Long way to say the money doesn’t have to come from anywhere.
>> interbank lending
not in a post GFC world, that’s one of the reasons we have the reserves situation today.
This all has happened before which people often forget. Eg it’s common for people to think Quantative easing is a new concept and yet its only the term is new, the idea is as old as banking systems.
That doesn’t hold - the central bank could loan all the cash (really we mean reserves) it wants and the bank still be unable to make a loan. Because the bank cannot break its capital requirements and the central bank can do nothing to help that situation.
Similarly the central bank could loan nothing and the commerical bank could loan millions.

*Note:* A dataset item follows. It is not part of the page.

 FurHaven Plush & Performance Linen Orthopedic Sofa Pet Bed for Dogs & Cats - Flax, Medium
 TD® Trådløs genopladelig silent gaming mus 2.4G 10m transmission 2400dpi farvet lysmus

> Likewise in the naive view, if the central bank loans a commercial bank a bunch of cash, then the commercial bank can use that cash to make loans.
Define "cash".
What the central bank gives to banks is not the money you and I use: what is given is not something that can be turned around and used in a business loan or a residential mortgage.
What the central bank 'gives' banks is simply a credit in their reserve account for inter-bank settlements. And having more reserves makes little difference in the creation loans, as (as mentioned before) some places don't even have reserve requirements:
> But as soon as the borrower actually pays that money to someone else (with an account at a different bank) then it has to come from somewhere, i.e. deposits.
Nope, not deposits. Inter-bank settlements occur via reserves, which banks (generally) get from the central bank, but also borrowing from other banks.
> differences are only in what you call 'money' and how you do the accounting
They are for first approximations. Someone leading a life with the deposits-lent-out-as-loans model will generally navigate the financial system fine, just like someone ignorant of general relativity or, frankly, time zones, can live happily. But the simple model breaks down when you consider how banks interact with each other, and what happens in crises. It totally disintegrates when you get to the central bank.
Of all things, the thing that helped me understand this best was Terry Pratchett's novel Making Money. Without giving away the ending too hard: in the post-gold era, the value of a nation-state's currency has very little to do with numbers or tangibles and everything to do with the perceived power of the nation-state (although, of course, numbers and tangibles feed into that perception).
The US is a huge outlier and it's hard to predict how things like "The central bank running a deficit" end up impacting the psyche of the financial decision-makers of the world.
> Banks that lend out _deposits_, for loans to others, who then deposit those loans as deposits, are _lying_ to their customers about the availability of the money
>> Banks that lend out _deposits_, for loans to others, who then deposit those loans as deposits, are _lying_ to their customers about the availability of the money
> Isn’t this just fractional-reserve banking?
Yes, and it is no longer a thing, and it has not been for a while. Tobin call this the "Old View" in 1963:
The Fed's actual goals are: (1) to maximize employment as much as possible, while (2) keeping prices reasonably stable (i.e., not rising too much each year), and (3) promoting the stability of the financial system as much as possible.
If they conclude that they have to raise rates much higher and continue to withdraw liquidity from financial markets to bring inflation under control, they will do it -- even if it means inflicting a painful recession.